▸ **ACTIVITY**: Your answer must be the data repeated exactly, with no pictures in it.

▸ **RECORDED INFORMATION**:
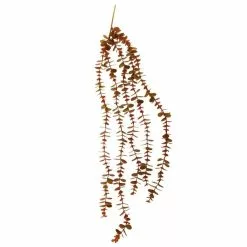 Dunelm Artificial Trailing Eucalyptus Vine 7 Dunelm Artificial Trailing Eucalyptus Vine -clocks Sales Store 30730229 alt03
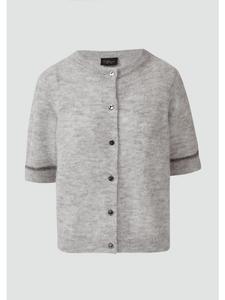 s.Oliver Кардиган цвета 9400_серый меланж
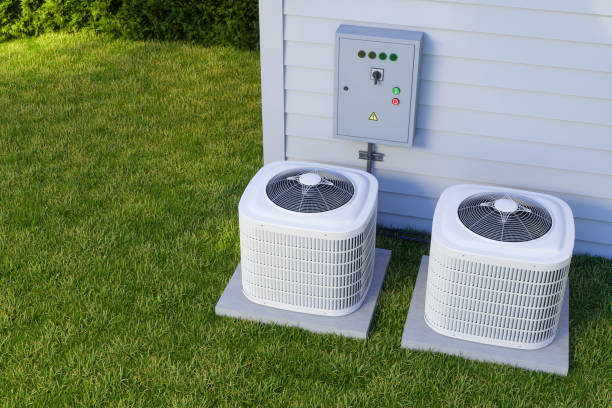 Best Geothermal HVAC Systems in Duchesne, UT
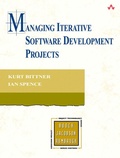 Cover: Managing Iterative Software Development Projects - Addison Wesley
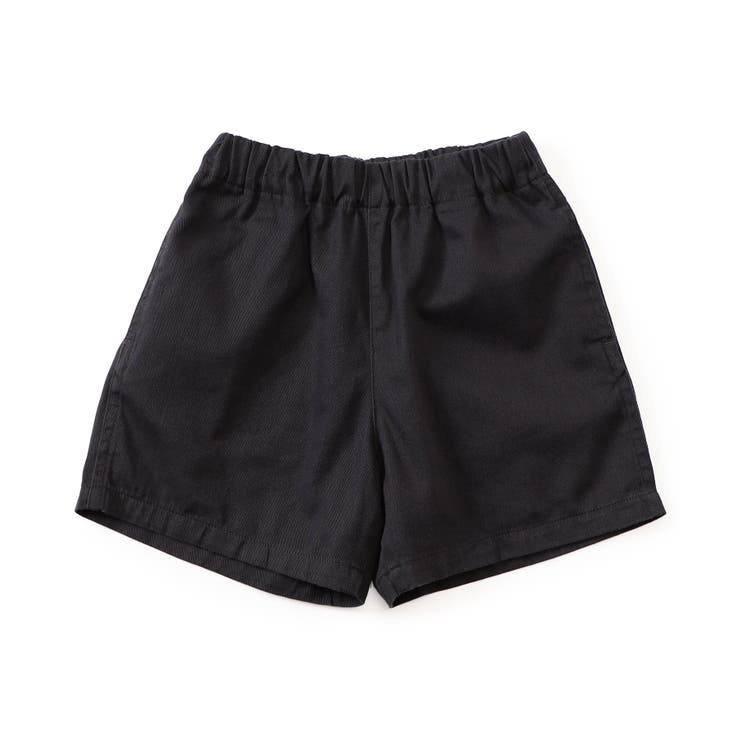 チャコール | サマーバリエーションハーフパンツ  4分丈 | F.O.Online Store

▸ **YOUR SOLUTION**:
 Dunelm Artificial Trailing Eucalyptus Vine 7 Dunelm Artificial Trailing Eucalyptus Vine -clocks Sales Store 30730229 alt03
 s.Oliver Кардиган цвета 9400_серый меланж
 Best Geothermal HVAC Systems in Duchesne, UT
 Cover: Managing Iterative Software Development Projects - Addison Wesley
 チャコール | サマーバリエーションハーフパンツ  4分丈 | F.O.Online Store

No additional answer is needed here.